A pilha de histórias finalizadas estava cada vez maior até que numa estante perdida achei a história dela.

O livro dizia que presa em um castelo uma princesa esperava pelo seu príncipe. Só poderia se casar com ela aquele que a visitasse por cem dias seguidos. O problema é que entre o portão do reino e as portas do castelo haveriam adversidades que o fariam não voltar nos outros dias. E um dia que faltasse perderia por inteiro todas as chances de se casar com ela.

“E se amá-la de verdade, não desistirá”. O resto eram dezenas de páginas em branco.

E no primeiro dia, enquanto eu esperava dragões indomáveis ou pontes estreitas, o que quase me impediu de seguir foi uma domadora de cavalos.

Eu me apaixonei. Caros leitores, você podem questionar quão rápido gostei de alguém, porque até eu mesmo me surpreendi com a velocidade dos acontecimentos.

Conversamos um pouco e nos beijamos em seguida, mas parti rapidamente para que ainda desse tempo de chegar ao castelo, pois eu só poderia vê-la no dia seguinte, se completasse minha jornada a cada dia. E mesmo sem que me dissesse, que trocasse "eu te amo" por "eu gosto de você", eu sabia que me amava também.

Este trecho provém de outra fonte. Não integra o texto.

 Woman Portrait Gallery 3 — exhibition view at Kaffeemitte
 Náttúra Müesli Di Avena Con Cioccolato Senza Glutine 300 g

E quer saber? Pântano nenhum seria difícil de atravessar, porque minha vontade de te vê-la era maior.

No primeiro dia também conheci a princesa. Ela me recebeu sorrindo e me perguntava a todo segundo se eu voltaria no outro dia e de quão medo ela sentiu que eu nunca chegasse. Dos inúmeros príncipes que desistiram faltando pouco. De como ela acreditava que era eu o verdadeiro. E de como ela amava cavalos.

Percebem o quão cruel é se apaixonar por outra pessoa enquanto alguém nos espera do outro lado? Quão cruel é se apaixonar por alguém a caminho do encontro da pessoa amada?
E era isso que me martelava. Eu não poderia abrir mão de todo um reino por um amor a domadora de cavalos, além de que havia uma princesa que sabe lá quantas noites passou esperando por mim e eu não podia simplesmente deixa-la sem nenhuma explicação. Por outro lado eu não poderia fingir que não sentia nada, porque eu percebi que amava aquela domadora quando conclui que até o vento que saia do seu nariz tinha cheiro bom. Se enquanto estava com ela eu tinha certeza que o meu pra sempre seria ao seu lado, quanto mais perto do castelo e mais distante da domadora de cavalos, menos força eu tinha para abandonar.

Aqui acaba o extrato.